Exercise requirements: Your answer should be only the lines below from the one with "Seat Arona Xperience" to the one with "Ультрабук HP Elitebook", repeated exactly, ends included.

The data:

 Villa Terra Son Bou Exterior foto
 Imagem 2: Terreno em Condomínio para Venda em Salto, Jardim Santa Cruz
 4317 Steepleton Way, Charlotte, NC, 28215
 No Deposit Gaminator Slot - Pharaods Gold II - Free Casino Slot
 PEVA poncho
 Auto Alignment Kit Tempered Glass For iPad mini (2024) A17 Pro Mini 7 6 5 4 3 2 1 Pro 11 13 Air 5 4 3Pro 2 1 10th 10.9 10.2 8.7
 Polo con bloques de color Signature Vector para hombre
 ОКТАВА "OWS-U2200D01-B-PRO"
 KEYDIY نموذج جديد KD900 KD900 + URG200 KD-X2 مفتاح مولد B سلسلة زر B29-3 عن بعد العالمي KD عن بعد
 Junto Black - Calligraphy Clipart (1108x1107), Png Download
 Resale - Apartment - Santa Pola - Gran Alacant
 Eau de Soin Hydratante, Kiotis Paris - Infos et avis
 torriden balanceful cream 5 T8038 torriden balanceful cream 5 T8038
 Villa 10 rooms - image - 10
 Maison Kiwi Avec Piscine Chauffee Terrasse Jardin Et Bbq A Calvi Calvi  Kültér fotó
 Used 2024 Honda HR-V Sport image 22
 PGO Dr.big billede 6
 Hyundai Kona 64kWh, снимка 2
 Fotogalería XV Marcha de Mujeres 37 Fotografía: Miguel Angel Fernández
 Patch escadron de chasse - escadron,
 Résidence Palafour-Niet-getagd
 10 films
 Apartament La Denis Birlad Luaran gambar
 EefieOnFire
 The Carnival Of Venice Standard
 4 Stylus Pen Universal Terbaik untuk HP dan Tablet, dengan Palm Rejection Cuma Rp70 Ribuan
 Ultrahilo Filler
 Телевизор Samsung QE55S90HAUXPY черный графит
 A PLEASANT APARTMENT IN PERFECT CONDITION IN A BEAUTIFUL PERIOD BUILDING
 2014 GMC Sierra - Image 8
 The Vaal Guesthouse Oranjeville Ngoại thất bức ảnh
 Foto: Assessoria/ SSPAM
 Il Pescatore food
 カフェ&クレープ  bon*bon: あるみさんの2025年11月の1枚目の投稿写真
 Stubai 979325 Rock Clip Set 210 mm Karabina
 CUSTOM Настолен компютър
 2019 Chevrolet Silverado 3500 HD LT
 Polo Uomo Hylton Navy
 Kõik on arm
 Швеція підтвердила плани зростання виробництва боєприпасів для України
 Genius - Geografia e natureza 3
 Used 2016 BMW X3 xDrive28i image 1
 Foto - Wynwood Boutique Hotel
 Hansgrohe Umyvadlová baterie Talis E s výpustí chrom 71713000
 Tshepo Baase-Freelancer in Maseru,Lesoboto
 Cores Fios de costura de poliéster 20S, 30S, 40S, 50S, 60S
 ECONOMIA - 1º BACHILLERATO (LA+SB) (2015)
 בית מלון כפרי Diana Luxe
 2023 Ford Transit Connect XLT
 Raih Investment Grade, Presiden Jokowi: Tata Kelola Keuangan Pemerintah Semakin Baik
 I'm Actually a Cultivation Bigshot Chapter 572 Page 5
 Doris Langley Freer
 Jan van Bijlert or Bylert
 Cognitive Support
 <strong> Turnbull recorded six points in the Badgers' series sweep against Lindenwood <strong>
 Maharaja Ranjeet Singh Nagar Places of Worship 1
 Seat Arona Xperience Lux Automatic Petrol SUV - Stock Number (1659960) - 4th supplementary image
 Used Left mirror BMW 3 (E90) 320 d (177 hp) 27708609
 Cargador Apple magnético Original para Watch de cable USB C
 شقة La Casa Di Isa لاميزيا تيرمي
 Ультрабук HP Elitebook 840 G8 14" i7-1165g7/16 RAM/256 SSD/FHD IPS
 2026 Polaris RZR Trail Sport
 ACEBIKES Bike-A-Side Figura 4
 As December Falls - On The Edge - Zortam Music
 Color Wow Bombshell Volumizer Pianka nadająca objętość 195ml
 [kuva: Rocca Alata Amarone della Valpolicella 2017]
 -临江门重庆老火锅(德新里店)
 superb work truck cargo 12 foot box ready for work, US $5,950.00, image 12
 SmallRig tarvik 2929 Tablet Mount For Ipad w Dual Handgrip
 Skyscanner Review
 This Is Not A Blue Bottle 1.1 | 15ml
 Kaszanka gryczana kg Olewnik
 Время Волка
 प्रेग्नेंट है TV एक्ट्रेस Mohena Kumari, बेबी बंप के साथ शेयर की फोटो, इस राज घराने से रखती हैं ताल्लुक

Response to the exercise:
 Seat Arona Xperience Lux Automatic Petrol SUV - Stock Number (1659960) - 4th supplementary image
 Used Left mirror BMW 3 (E90) 320 d (177 hp) 27708609
 Cargador Apple magnético Original para Watch de cable USB C
 شقة La Casa Di Isa لاميزيا تيرمي
 Ультрабук HP Elitebook 840 G8 14" i7-1165g7/16 RAM/256 SSD/FHD IPS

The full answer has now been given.